So, What Exactly Is “Loss of Consortium” Anyway?

When you are in an accident, or hurt yourself in some way as a result of the negligence of another, you aren’t the only one hurt.

Who picks up the slack at home when you can’t tend to house or yard work? Who recognizes your pain, plumps your pillows and helps you put on your socks while you recuperate from neck or back pain? Who assists you with your other chores because you just don’t have the range of motion to pick up grocery bags or even your 20 pound toddler?
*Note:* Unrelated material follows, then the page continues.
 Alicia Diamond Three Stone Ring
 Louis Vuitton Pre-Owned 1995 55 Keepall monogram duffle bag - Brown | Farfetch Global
Of course, it is your spouse.*

Florida law allows for attorneys to include a non-injured spouse in lawsuits, since that person has also experienced a loss. It’s the loss of a fully functional, independent and productive wife or husband. While the injured party suffers the pain and disability, a spouse suffers as well. Maybe as a couple you’re less social since at the end of the week the injured spouse is just too tired to go out with friends.  Maybe the injured one is cranky, irritable, difficult to get along with for a time. It’s hard to cope with pain and oftentimes the frustration and nagging achiness spills over into anger.  And who is the person most likely to suffer from the ravages of pain inducing grouchiness? That’s right, the one closest to you.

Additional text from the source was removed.